Notice that for unformatted input the FILE is the last argument, unlike in fscanf() where it is the first.

Thus fgets() reads in at most maxbytes - 1 bytes of actual input, or up to the next new-line character, whichever comes first. It returns NULL if the read failed completely, for example if we have reached the end of the input file.

fgets(buffer, maxbytes, file); reads at most maxbytes characters from file into the charactyer array buffer, stopping at the end of the line.

Removing the new-line character

If space permits, fgets() includes the new-line character, sent when the user presses the "Return" or "Enter" key. This is always the final character of the string. If we don't want this character, we just need to replace it with '\0', thus shortening the string by one.

The following snippet calls fgets() to read a line from standard input and then checks to see if the last character of a string stored inside a character array is '\n'. If so it replaces it with '\0', thus shortening the string by one.

If this were a program we were writing for other people to use we would need to consider what to do if the final character were not a new line as it probably indicates that the line was too long for out buffer.


  if (fgets(line, N, stdin) != NULL) {
    // Chop off final '\n';
    int end = strlen(line) - 1;
    if (line[end] == '\n')
      line[end] = '\0';
  }

With this we can look at a very short program that uses fgets() to read a line of text from the keyboard and print it out again:

Mixing formatted and unformatted input

In this section we shall be dealing with situations where it is fairly easy to describe what we want to happen but actually making it happen involves some irritating and potentially confusing details. In situations such as these, our instinctive reaction should be to put the potentially confusing code into a function where we can write it once and forget about it.
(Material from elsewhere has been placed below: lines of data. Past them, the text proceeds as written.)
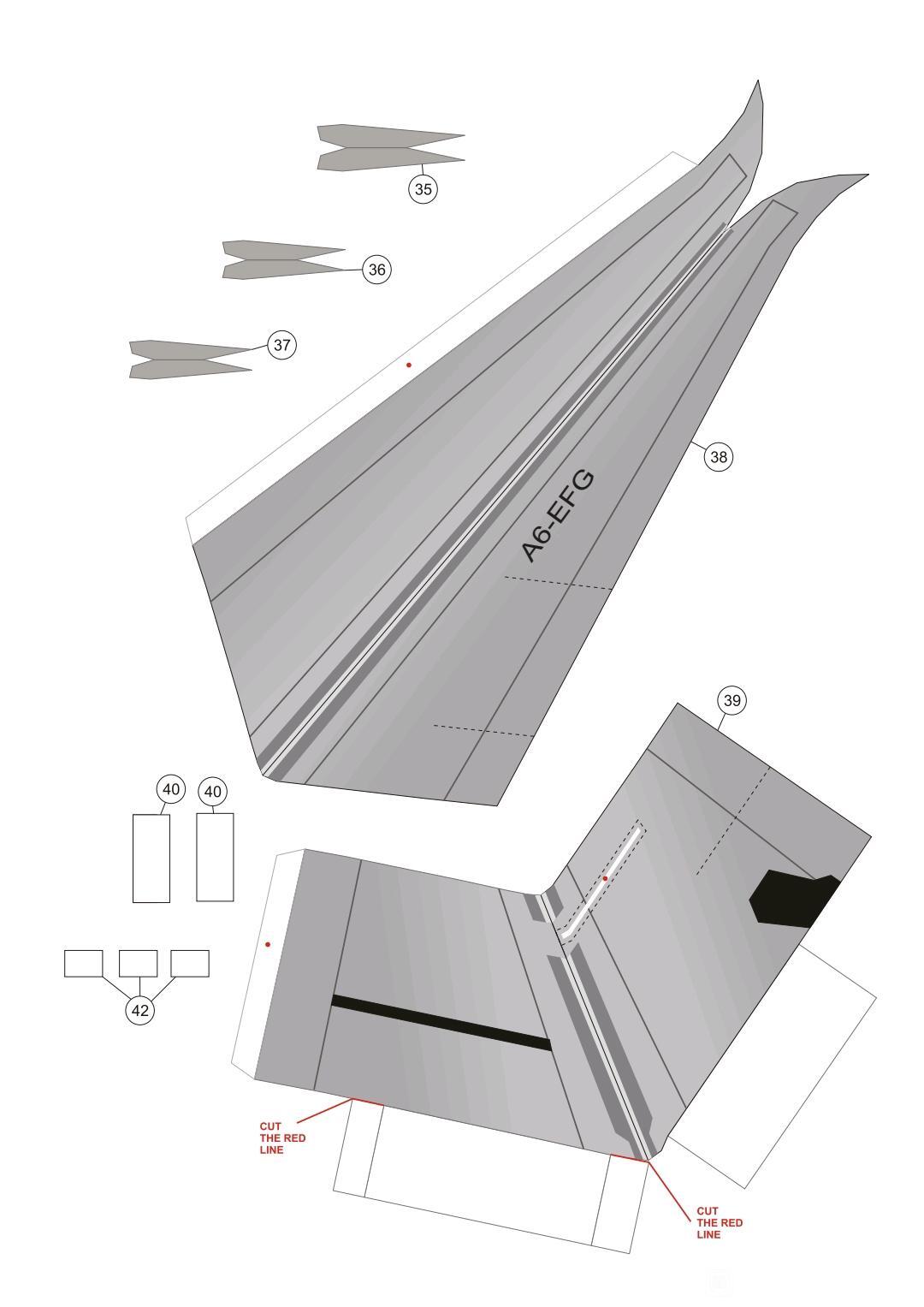 1/300 Unassembled Paper A380 Qantas Airways Civil Airliner Aviation ...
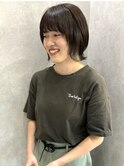 大人可愛い!顔まわりウルフレイヤースタイル
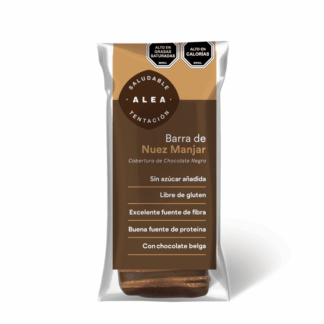 Barra nuez manjar chocolate (60g) Alea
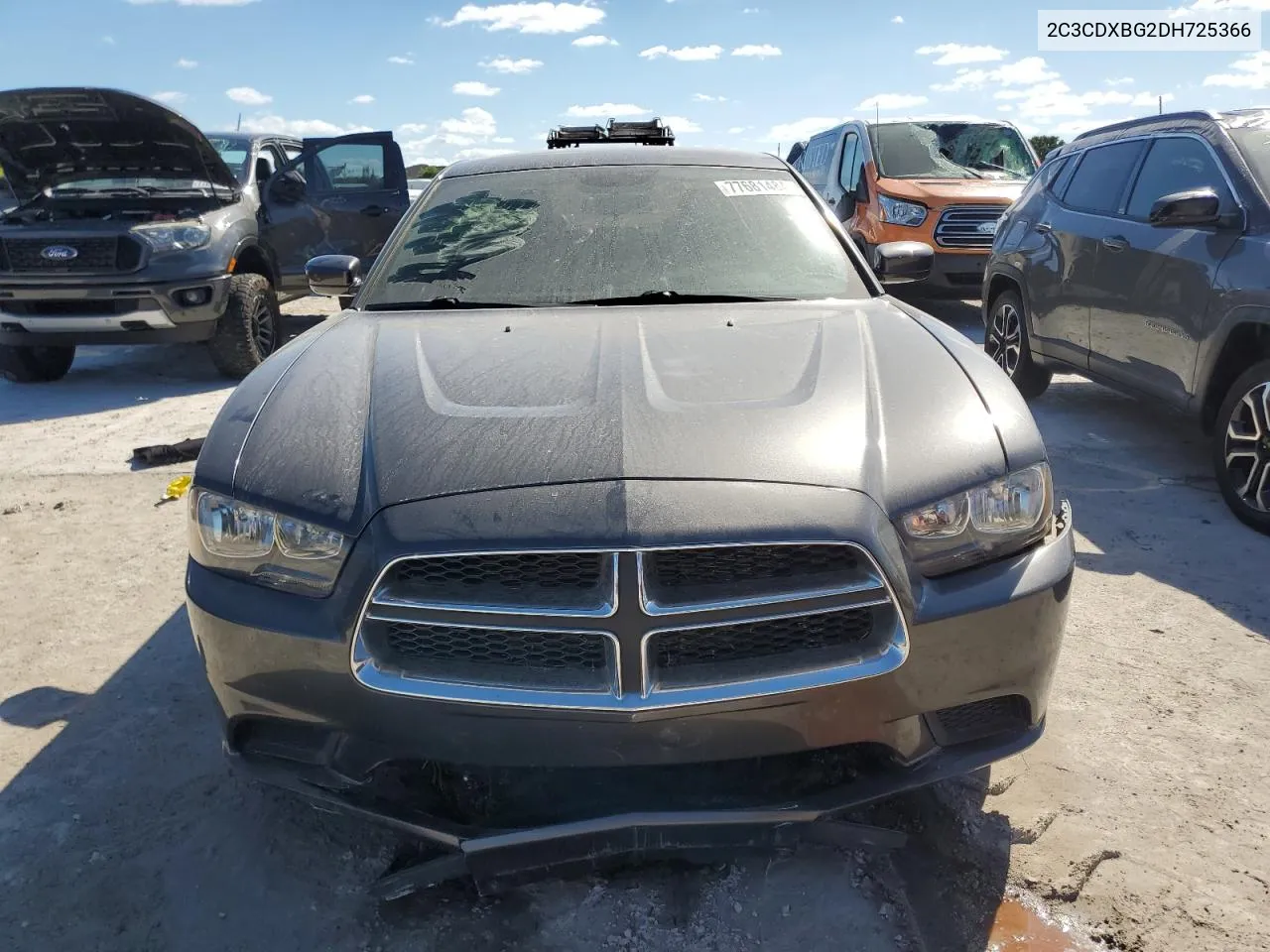 2013 Dodge Charger Se VIN: 2C3CDXBG2DH725366 Lot: 77681484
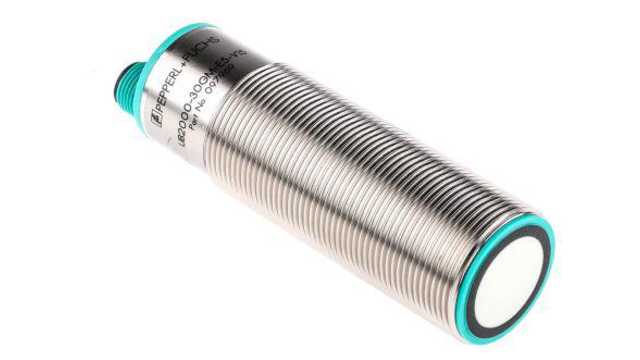Pepperl + Fuchs Ultrasonic Threaded Barrel Proximity Sensor, M30, 2 m Detection, NPN NO/NC, 10 → 30 V dc | UB2000-30GM-E4-V15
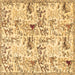 Square Animal Brown Traditional Rug, tr404brn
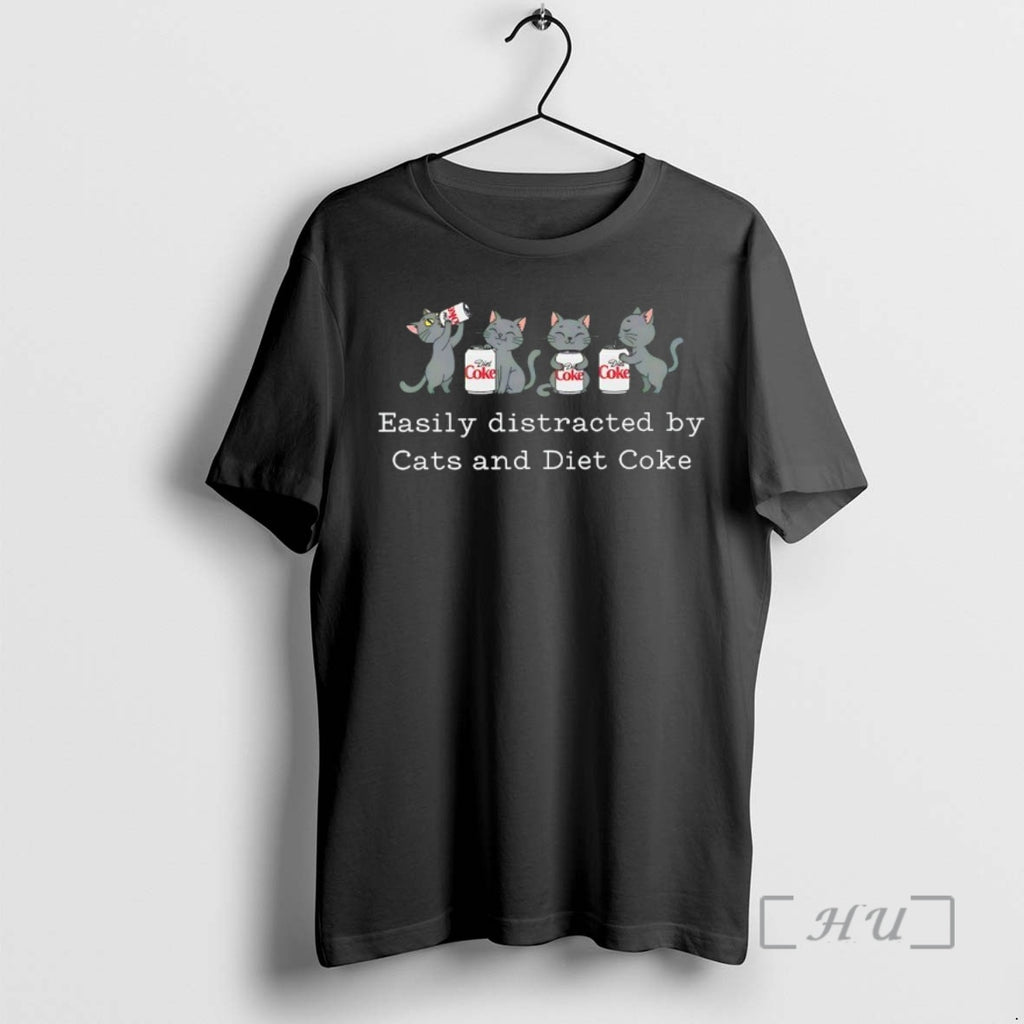 Officials Easily Distracted By Cats And Diet Coke T-Shirts, Hoodie, Sweatshirt | PopFlextees.com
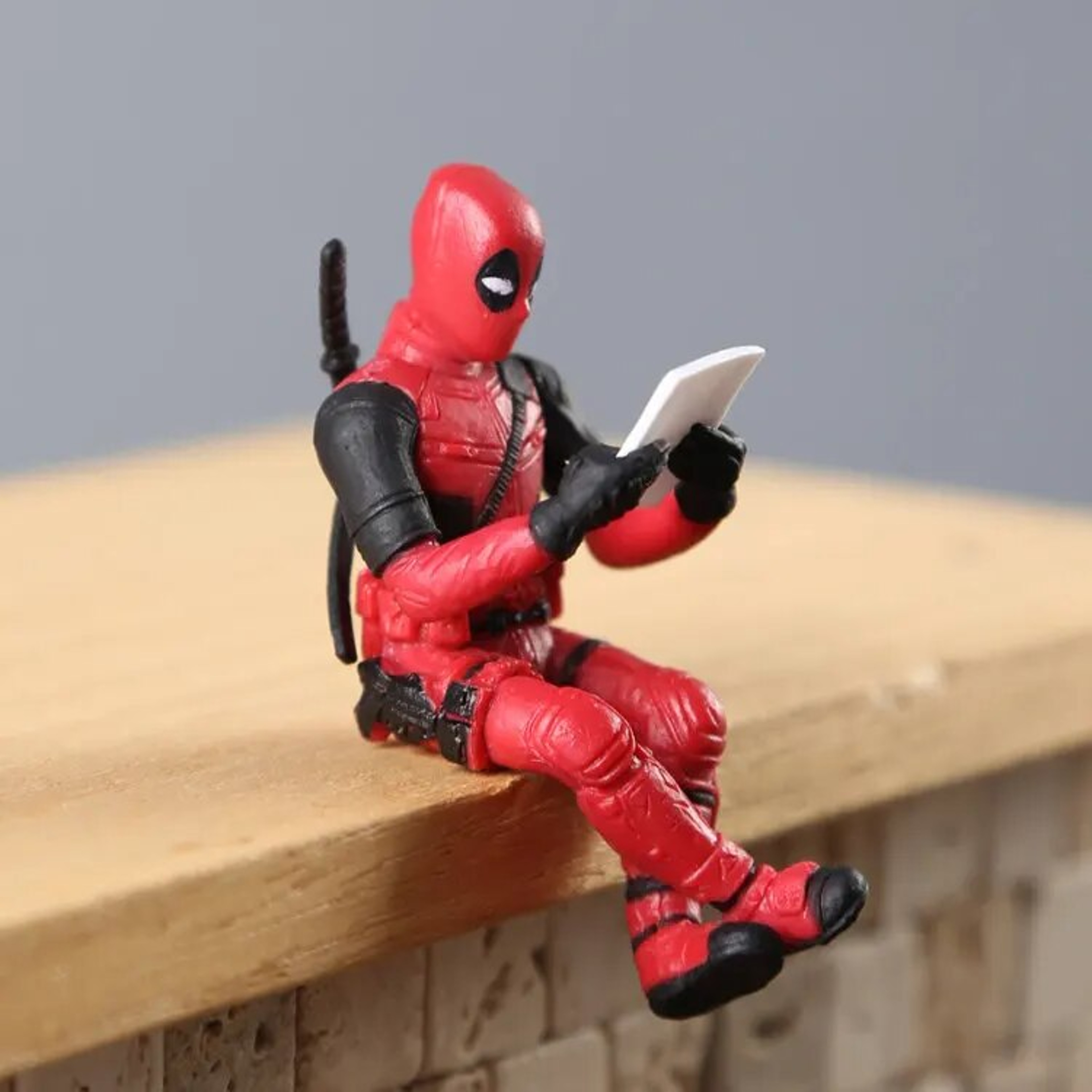 3k3cDisneyDeadpoolCarInteriorVehicleModelMiniFigureCarInteriorDecorationRoomToysModelB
Whether we have a file of data or are reading from the keyboard, we are always free to mix formatted and unformatted input.

A common situation is to use formatted input to get options from a menu, or to read in data values, and to then need to read in a complete line of text.

The first attempt often looks like this:


// 
// Flawed attempt to read in an integer followed by some text.
//
int main() {
  char line[N];
  int value;

  printf("Please enter the integer value\n");
  scanf("%d", &value);

  printf("Now please type in the text string, spaces are allowed!\n");

  if (fgets(line, N, stdin) != NULL) {
    // Chop off final '\n';
    int end = strlen(line) - 1;
    if (line[end] == '\n')
      line[end] = '\0';
  }

  printf("The value is %d, the text is >%s<\n", value, line);
  return 0;
}
Step through this code


The "conversation" goes like this:

Please enter the integer value
12
Now please type in the text string, spaces are allowed!
The value is 12, the text is ><

The user is given no chance to type in a line of text, instead fgets() just seems to read a completely blank line. What's happening?

The answer is that, as discussed at the start of the lecture, when we typed in "12" we actually typed three characters, '1', '2' and the carriage return, '\n'. As in the previous example, the system reads in the two characters '1' and '2' that form the integer 12 and leaves itself positioned at the very next character, which is the new line '\n'. Thus the "next line" is completely empty!

We can illustrate this by typing at the keyboard not just "12<return>" (three keystrokes) but "12  abc<return>" (seven keystrokes including the space between "12" abd "abc"). The final line of output now looks like this:

The value is 12, the text is > abc<

A call to fscanf() followed by  a call to fgets() will almost certainly result in a blank line.

There are various bad solutions at this point (some people's first reaction is just to read in one more character in the hope that nobody will ever type 12<space><return>), but the most common situation is that we require the input line to be non-blank. In this case it's easy to write a loop that carries on reading a line from the file, or keyboard, until it finds a line that contains a non-space character.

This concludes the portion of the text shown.